Some Benefits to the Average Robot Builder: 1)  Abstraction from the complexities of geometry, trig, matrixes, and other math. 2)  Abstraction from caring about the details of different camera fields of view, resolutions, overlap, etc. All of this could be handled internally in the skill so a user can answer high level question/queries, extract any image or subset they want, in a resolution of their own choosing, across the spectrum of sensors. 3)  Smarter bots in less time 4)  General 3D Perception and Situational Awareness 5)  Augmented Reality - I am not doing this as my data is not currently good for that.  I have seen others doing it.

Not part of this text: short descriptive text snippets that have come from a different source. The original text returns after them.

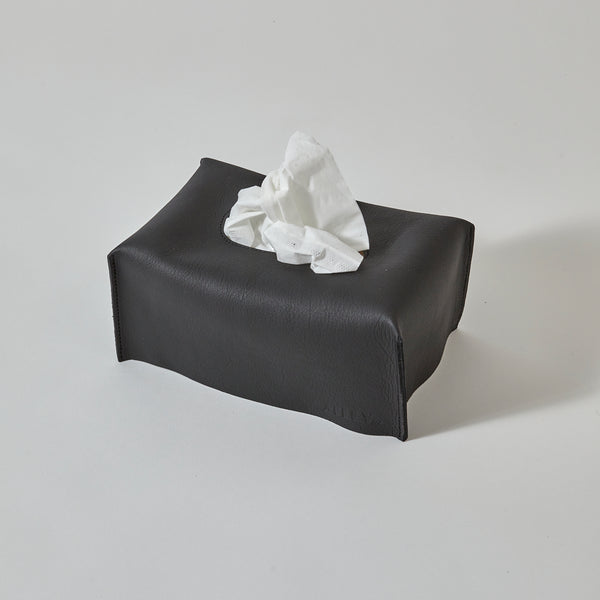 ARCHIVE - Leather Tissue Box Cover - BLACK - Rectangle - Limited Edition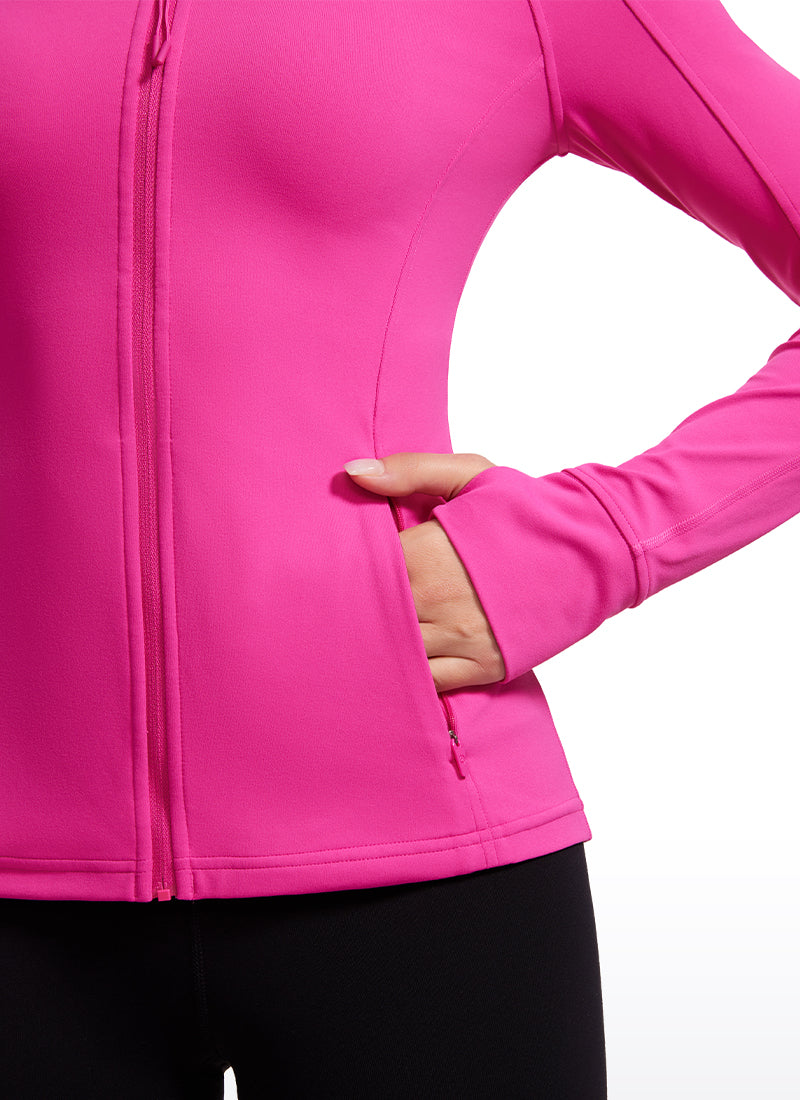 CRZ YOGA Women's Yoga Slim Fit Tops Butterluxe Full Zip Long Sleeves Hibiscus Purple @model_info:gabri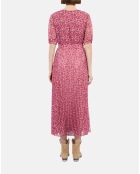 Robe longue plissée fleurie rose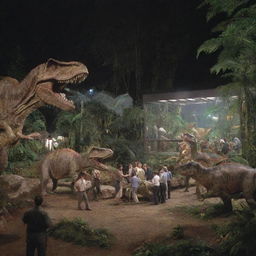 Now, with dinosaurs securely housed and proper surveillance system in place, depict the grand opening of the 'Jurassic Park' by the wealthy individual.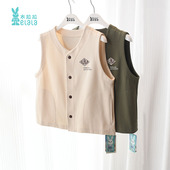 斜纹空气棉 衣拉拉春秋男童马甲单件坎肩开衫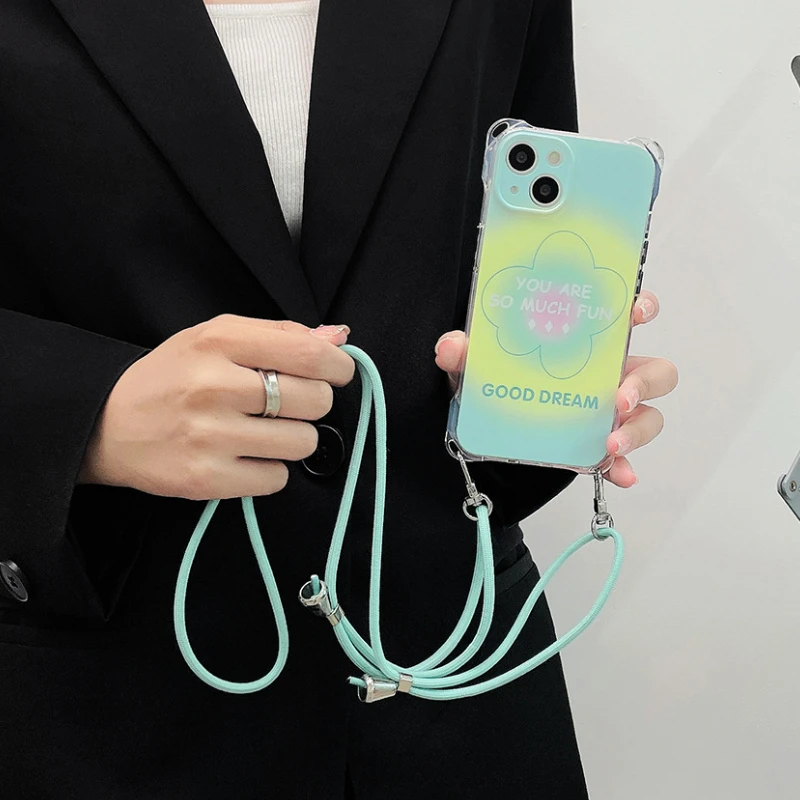 

Halo dyeing Back Cover For iPhone 14 13 Pro Max Phone Case Crossbody Necklace Strap Lanyard Cord Phone Cases Luxury Bumper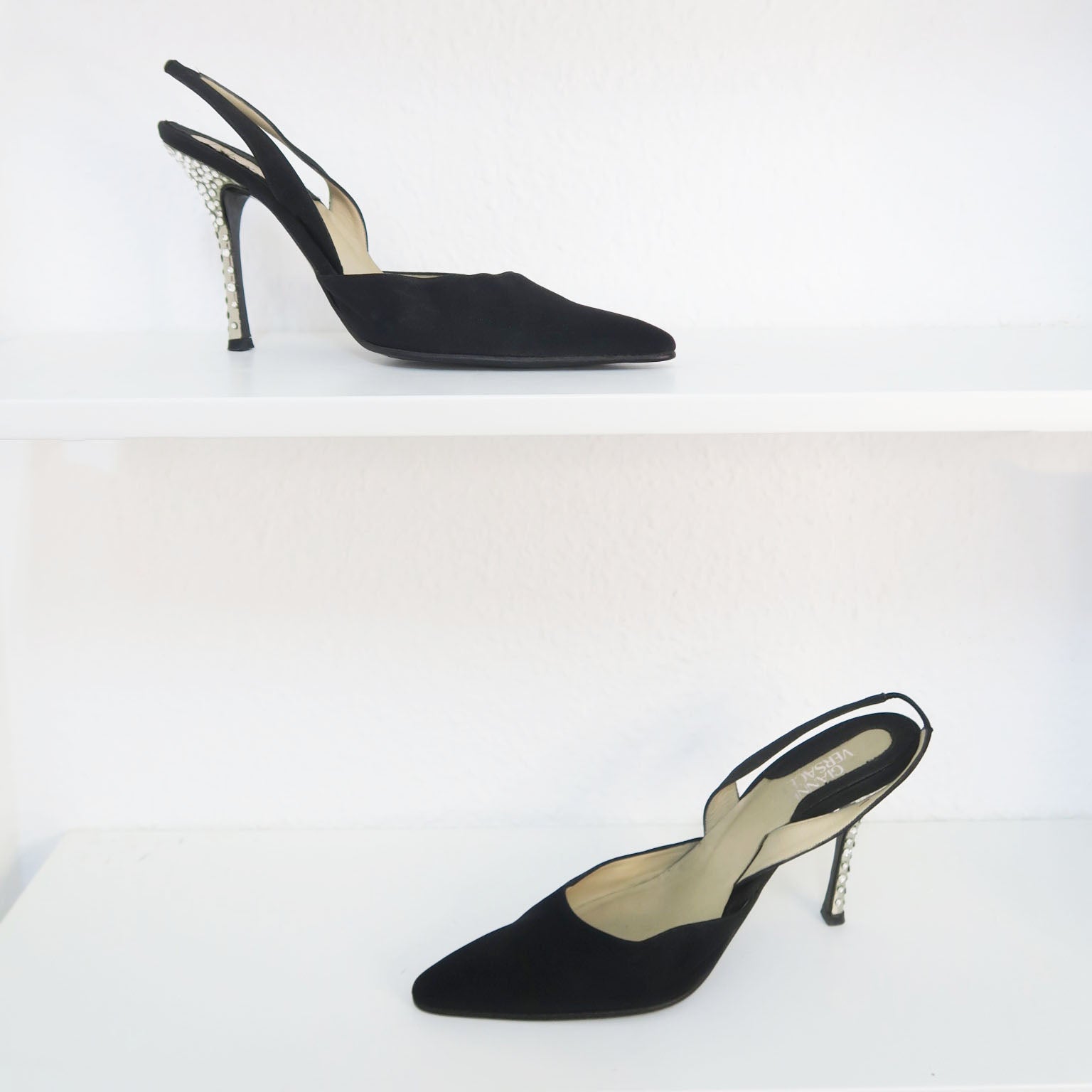 Gianni Versace salones abierto negro con piedras en tacon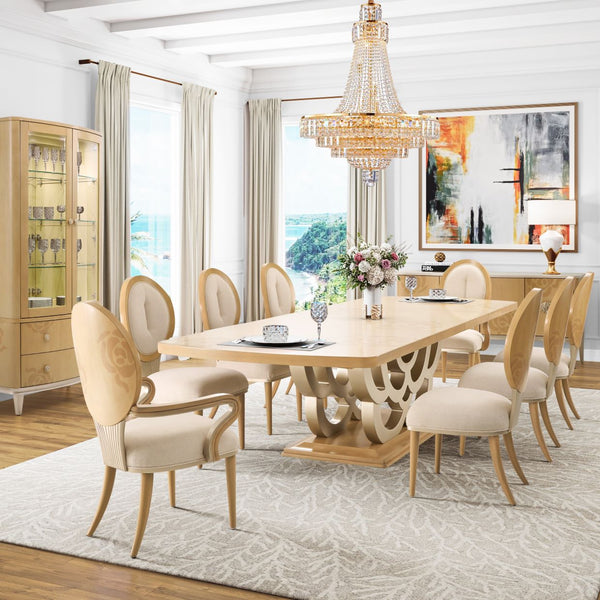Camellia Field Caramel Pedestal Dining Table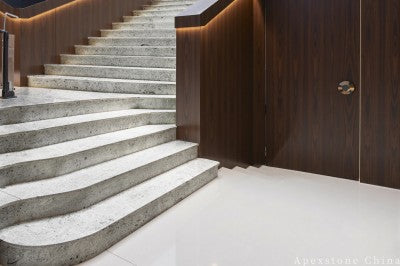3/4 inch grey Marble floor foyer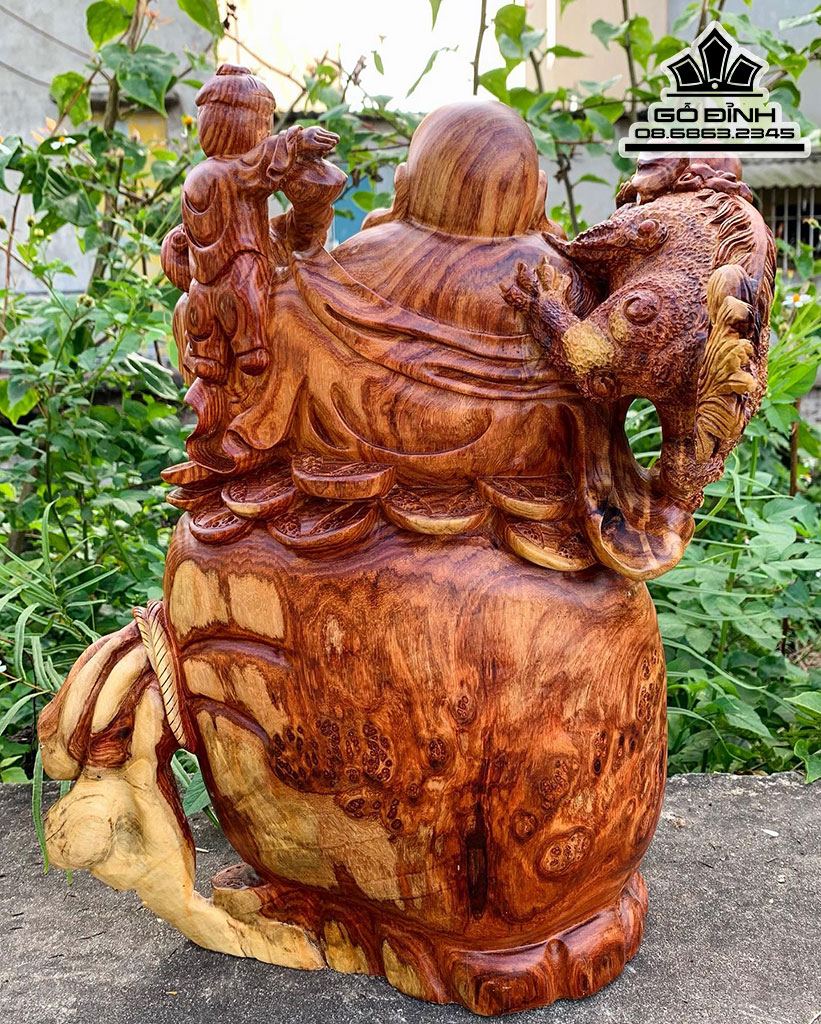 Tượng Phật Di Lặc Tam Phúc Gỗ Nu Hương Cao 45 Ngang 35 Sâu 33 (cm)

This idea is obviously not a small undertaking.  There is a need in my opinion and I can see no benefit to ignoring it any longer.  Navigation, Mapping, Movement, Obstacle Avoidance, and some other higher-level skills were needed and were not small undertakings either.  I would imagine they all evolved over time.  This skill is similar in that regard.

Background on my efforts so far:

I've been working with all the different types of cams (2D, 3D, Thermal, and SLAM) for some time.  Once again, each sensor by itself is only a first step and add little value.

I have been thinking and working on this kind of fusion of 2D/3D/Thermal and Models like YOLO for a some time as well and would like to help if I can, so everyone doesn't have to spend as much time wrestling with it as I have.  I am far from having all these issues figured out but I strongly believe it is worth pursuing and that I can add value.  As the idea becomes an area of focus for more people, I can imagine they'll improve it greatly as they give their input.   I believe a much better name can be found too.

As far as requesting features for sensors like the Orbbec or any other sensor, I doubt I would ever submit a request as I think the need for skills like that are obvious.  Each would typically be a wrapper or "facade pattern" on top of the manufacturers SDK or driver anyway.  I am not going to waste anyone's time pointing out obvious things, so I will typically try to point out non-obvious obstacles on the robotics path ahead.

Lastly, when I can make a few vids, I hope to be able to demo a few of the use cases mentioned.  It is and will be an area of ongoing focus for me.

On that point...I gotta stop typing and get back to bot building.  Sorry for the long post people.